Can someone help? I need to drive my dart tomorrow

I am not going to be driving the car tomorrow as it needs some time to get looked at. When I bought the car the ammeter worked as it should, not like it did in the video. Then it became intermittent. Now it does it full time. The battery is basically brand new as I bought it to replace the one the car came with. It has never run low or needed a jump and always starts the car fine. I guess I would like to know what would cause the gauge to act like it did in the video? Is it a problem with the gauge, connection on the posts, or something else? All other wiring is intact and not butchered. Car has an original 94k miles on it

Are you comfortable with drawings? If so, the ammeter's movements will make more sense after looking at the diagrams in my link above.

The movement in your video is telling us current is flowing from the alternator toward the battery. Specifically, the flow increases from near zero to 20 amps when we hear the engine rev.
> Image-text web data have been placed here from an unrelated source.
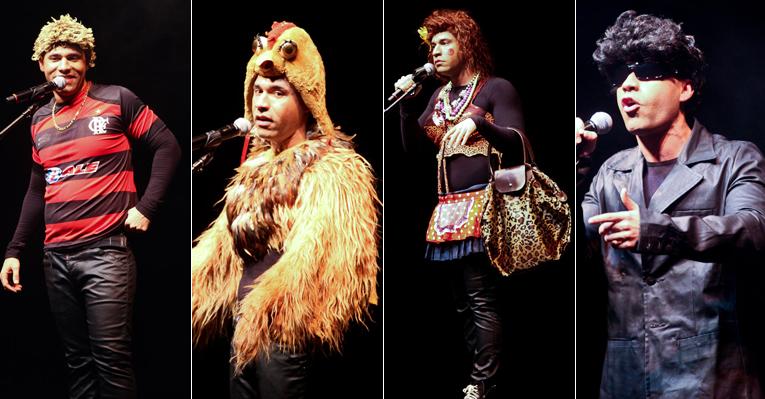 Rodrigo Sant’anna traz os personagens do show ‘Comício Gargalhada’ para São Paulo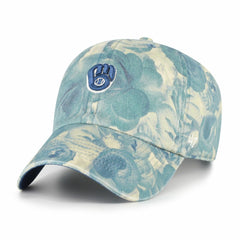 Milwaukee Brewers '47 Women's Gardenia Clean Up Adjustable Hat | MLB For sale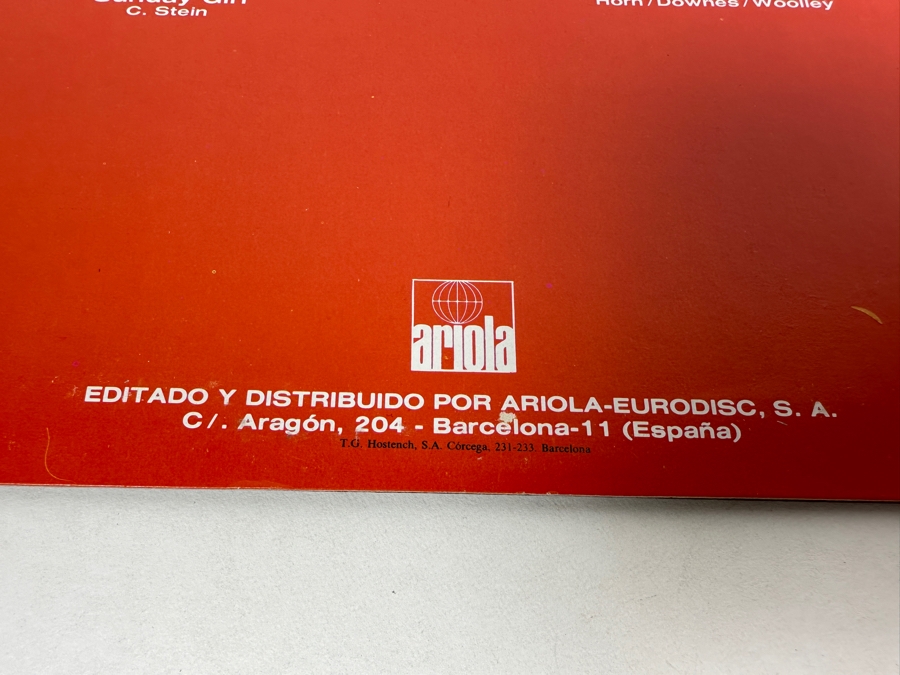 Vintage 1980 Rockalipsis Ariola Records I-200.805 Compilation: J.J. Cale, Bob Marley & The Wailers, Blondie & More Vinyl Record Spanish Import [Photo 5]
That's not intermittent per se, its responding to flow.

To know why, will require some more testing or more info from your observations.

We know some things to start with.
The current only flows when something calls for it.
Alternator potential output increases with rpm.
Something on the battery side of the ammeter was calling for power - maybe the battery, maybe the pertronix if it was attached to that side, maybe a short.
The alternator doesn't have enough power output at idle to satisfy that demand, but as rpm increases, its output increases and the demand is met.

Its worth checking the battery condition because many times the stock alternators could barely provide enough power at idle for the ignition, lights, and wipers or other accessories. Over time, the wires and connections oxidize, and sometimes get loose. This means even less current and voltage to keeps things going at idle, so the battery takes over every time the car is idling. Then when driving, the alternator recharges it. The lower the battery charge is, the more current the ammeter gives it, when it can.

In the above situation, the culprit is low alternator output at idle combined with poor or loose connections.

A similar situation will be if just one of the alternator diodes fails. The alternator still puts out power, but only 2/3 of what it would normally. At idle, this is terrible. If you saw the battery discharging at idle - this may be the problem.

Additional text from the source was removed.